August 18, 2023

AI’s Data Governance Challenge: Where to Start

Governments and companies are increasingly focused on developing data governance systems that will enable AI progress while minimizing the potential for negative impacts.

The following is an edited version of the content presented in the video.

Governments around the world are drafting legislation and guidelines to strengthen data governance practices related to AI. In this piece, we focus on four areas that are critical to data governance for providers and users of AI models.

Provenance and Privacy

The European Artificial Intelligence Act, or EU AI Act, which is expected to pass this year, sets out particular data governance practices for validating data used in training — as well as for testing AI models to ensure they adhere to existing privacy and data protection rules (e.g., GDPR), including standards related to data quality and integrity. For an overview of the act, see our piece “Primer on the EU AI Act: An Emerging Global Standard for Artificial Intelligence.”

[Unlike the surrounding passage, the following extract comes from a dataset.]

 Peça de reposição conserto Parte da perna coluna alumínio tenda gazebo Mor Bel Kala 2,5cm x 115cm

In July, the US Federal Trade Commission sent one of the leading platforms in this space a request for documentation of AI governance practices, including a series of questions that give a sense of the commission’s priorities. Some questions focus on how a company develops and trains its AI models, including what data it uses, how it is collected, how long it is stored, and whether individuals can opt out so their data is not used in training or for other purposes.

To get started down the road to better data governance, companies should ask the following questions about the data that they use to train their AI models: 

  • How was the data obtained? For example, was it scraped from the Internet, purchased from third-parties, or collected from first-hand interactions?
  • Does the dataset contain personal information, and is it possible to identify who the information is about?
  • Does the dataset contain proprietary information (e.g., trade secrets or other IP)? 
  • Is the data accurate? Is it up-to-date?
  • How is the data stored and is it adequately protected? How long will it be stored?
  • Could similar outcomes be reached while using strictly de-identified data?

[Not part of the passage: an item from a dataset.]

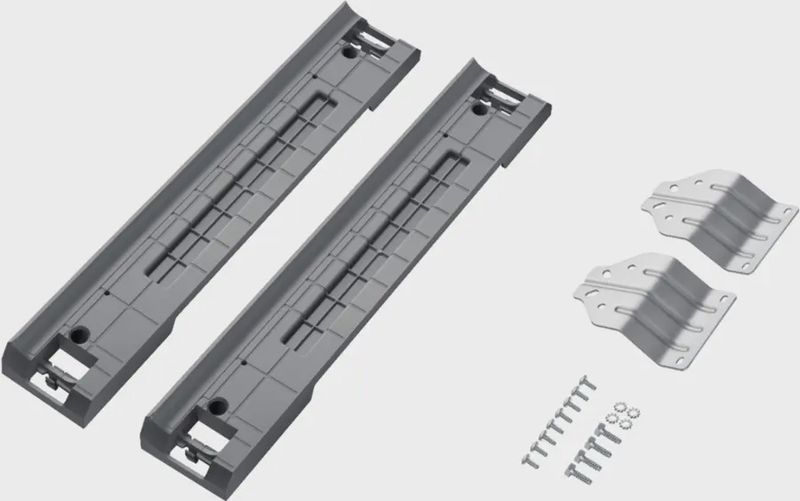 Samsung 27-inch stacking kit showing metal brackets and installation hardware.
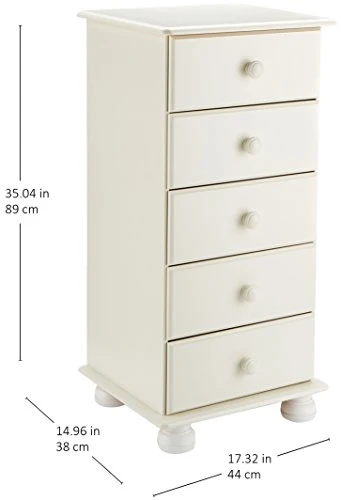 Steens Furniture 3022050050000F/1022050050000N - Comò Richmond, pino massiccio, 91 x 44 x 39 cm, colore: Bianco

Transparency and Explainability

The concepts of transparency and explainability are at the fore in discussions about ethical and trustworthy AI. They are often core principles in existing and proposed legislation and standards, including in the EU AI Act and frameworks issued by the OECD and the US National Institute of Standards and Technology (NIST).

When it comes to transparency, the focus is often on ensuring users understand when they are interacting with an AI system. Regulatory requirements and customer expectations on transparency will drive businesses to disclose the existence of and logic behind AI interactions.

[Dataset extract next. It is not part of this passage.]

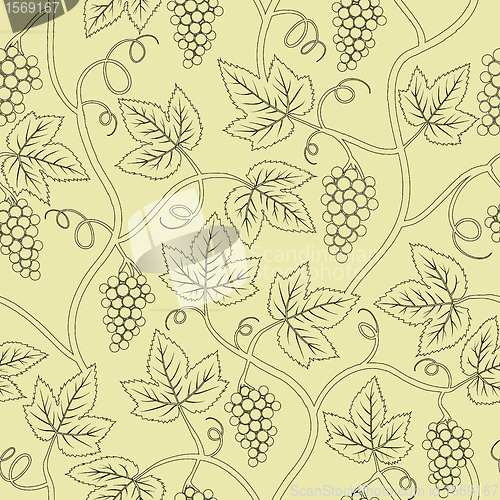 Image of black silhouette grape branch seamless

The goal of explainability is to ensure that humans understand the rationale behind an AI algorithm’s output. This is complex, because the way AI algorithms make decisions is often a mystery — not only to the user, but often to the developer and provider of the AI model as well. Indeed, that is one of the core features of advanced AI. The user often bears the risk associated with using AI models, and so it is important that users understand what the risks are. 

When developing explainability standards and policies, it is important to account for the needs of all users, stakeholders, and affected groups, and ensure explanations are not too technical for the general public to understand.

When selecting third-party partners, including those that provide APIs, consider whether they can guarantee the kind of transparency and explainability required, particularly if it is not easy to engage with the third-party’s developers or evaluate its supply chain.

Bias and Discrimination

Algorithmic due process is a concept that is central to frameworks for ensuring AI models are not biased and do not discriminate. This is particularly critical in areas where AI models drive decisions that can significantly affect people’s lives, including decisions about who has access to credit or education.

This is a central concern in the White House Blueprint for an AI Bill of Rights and the framework issued by the US NIST. The California Privacy Protection Agency recently issued rules requiring a focus on eliminating bias and discrimination in automated decision-making. During a visit to the White House in July 2023, leaders from seven AI companies issued a set of commitments that included reducing bias and discrimination and protecting privacy.

The EU AI Act requires companies to validate training practices and test data to ensure it is representative, error free, and complete. This requires use of statistical approaches that ensure accurate representation of different groups. The EU AI Act also focuses on diversity, nondiscrimination, and fairness, which includes equal access, gender equality, and cultural diversity.

Compliance Mechanisms

Governments increasingly mandate that companies that provide or use AI establish data governance systems to uphold the principles discussed above. These systems typically include mechanisms for senior-level accountability, tracking and documenting use of data by AI models, and training staff in compliance. There is increasing attention given to whether legislation should require companies to appoint specific people to oversee AI governance within their organizations. Some companies task their chief information officers with oversight in this area, but AI raises complex legal, ethical, cybersecurity, cultural, and organizational issues, and companies might need to create multidisciplinary teams to assemble the range of knowledge and skill necessary to meet requirements.